Children will study classic narrative fiction. Using The Eighteenth Emergency by Betsy Byers, they will look at the differences between literal and inferred information. They will examine how the author modifies their language to change the emphasis in writing, using adverbials and modal verbs. The children will then use these features of language to plan and write detailed stories of their own.
Use When Jessie Came Across the Sea and Mr. George Baker to discuss the features of chronological report writing, revise punctuation and study past tenses including the perfect form and active/passive voices. Children write an article, a sister story and a biography.
Children explore information texts using the Stone Age as inspiration, including: The First Drawing; The Secrets of Stonehenge; and Stone Age Boy.

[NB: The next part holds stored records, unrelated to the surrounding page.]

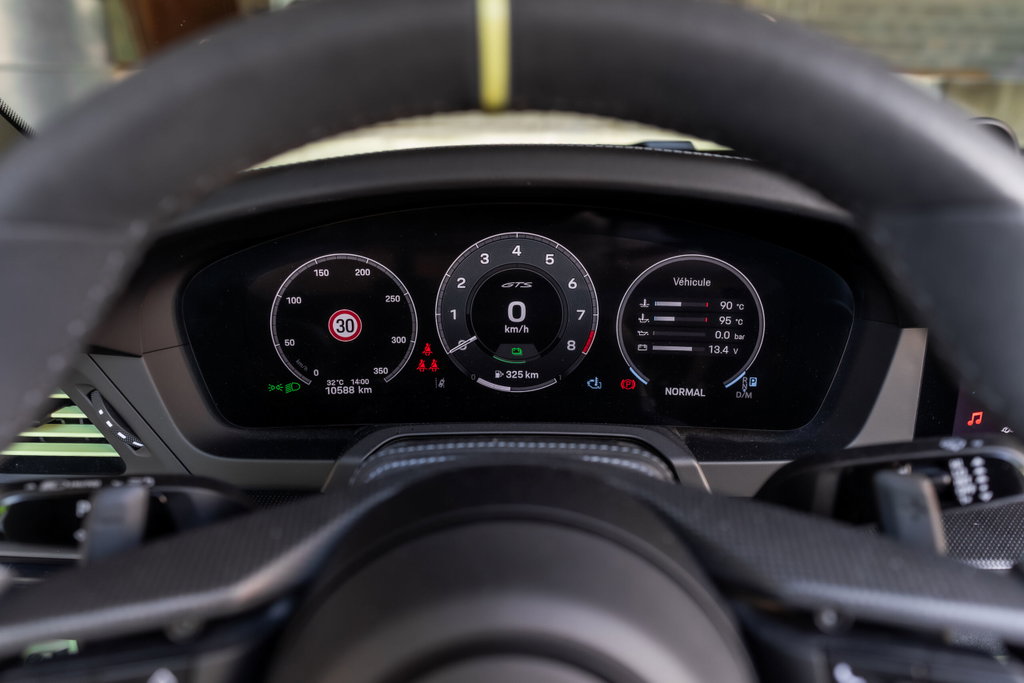 Porsche 992.2 Carrera GTS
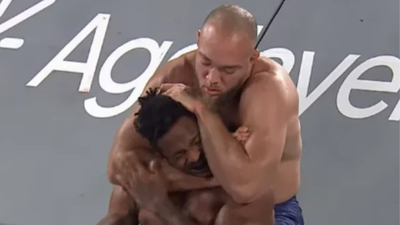 Valter Walker defeats Zion Clark by rear naked choke in controversial Karate Combat fight in Miami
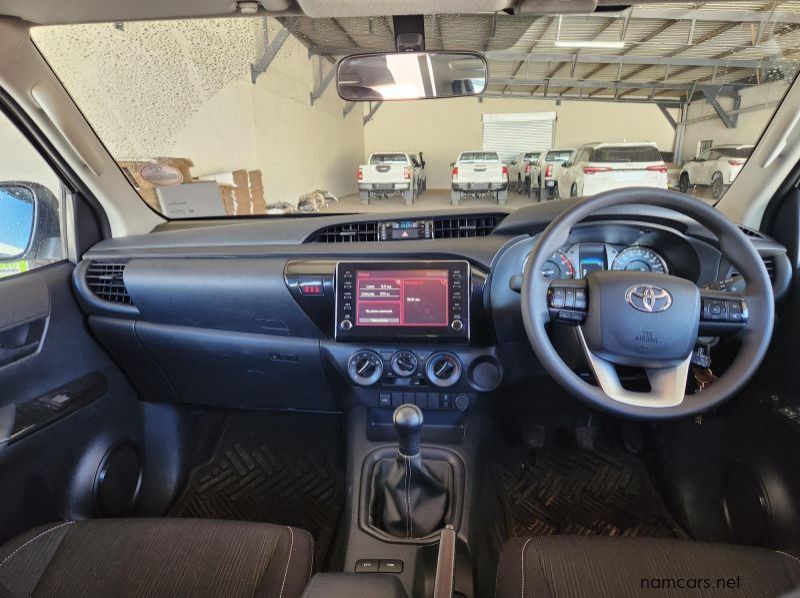2024 Toyota Hilux DC 2.4GD6 4x2 Raider MT pictures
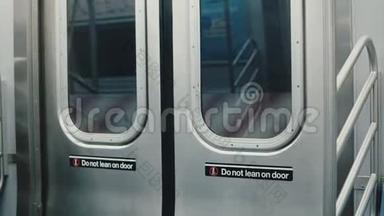 纽约市地铁地下列车车门在运动过程中关闭的室内镜头，两侧警示倾斜标志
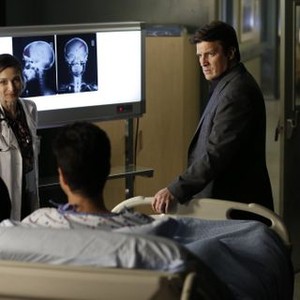 Castle, Marin Hinkle (L), Nathan Fillion (C), Stana Katic (R), 'Dead Again', Season 8, Ep. #19, 04/25/2016, ©ABC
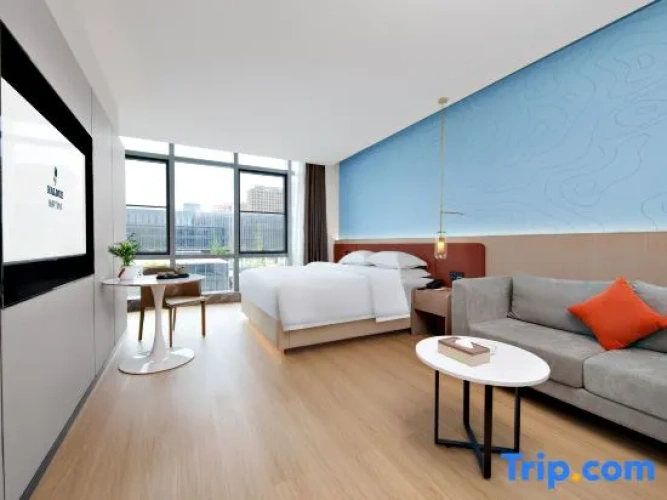 1 Bedroom Deluxe Suite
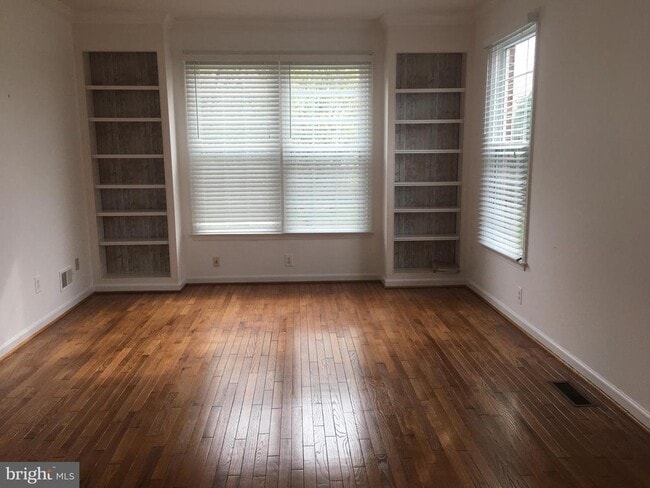 Foto del edificio - 5430 Ashleigh Rd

They consider formal and informal language; explore modal verbs; revise a wide range of punctuation; write information texts in different styles; travel in time and share everything they have learnt in a show-stopping exhibition.
Reading a selection of Emily Dickinson's poems, children explore figurative language and poetic devices. Children read and write poetry, investigate personification through drama and drawing, make careful observations of nature and research the life and works of Dickinson. Grammar and punctuation include: expanded noun phrases; relative clauses; grammatical terms; and commas and semicolons. The unit culminates in a debate about fame and publication.
Read a dialogue poem from Bahrain – The Rat and the Ship’s Captain, and investigate idioms and pronouns. Compare with the poem The Lion and Albert and study the perfect form of verbs. Finally look at modern conversation poems by Michael Rosen and write a similar one.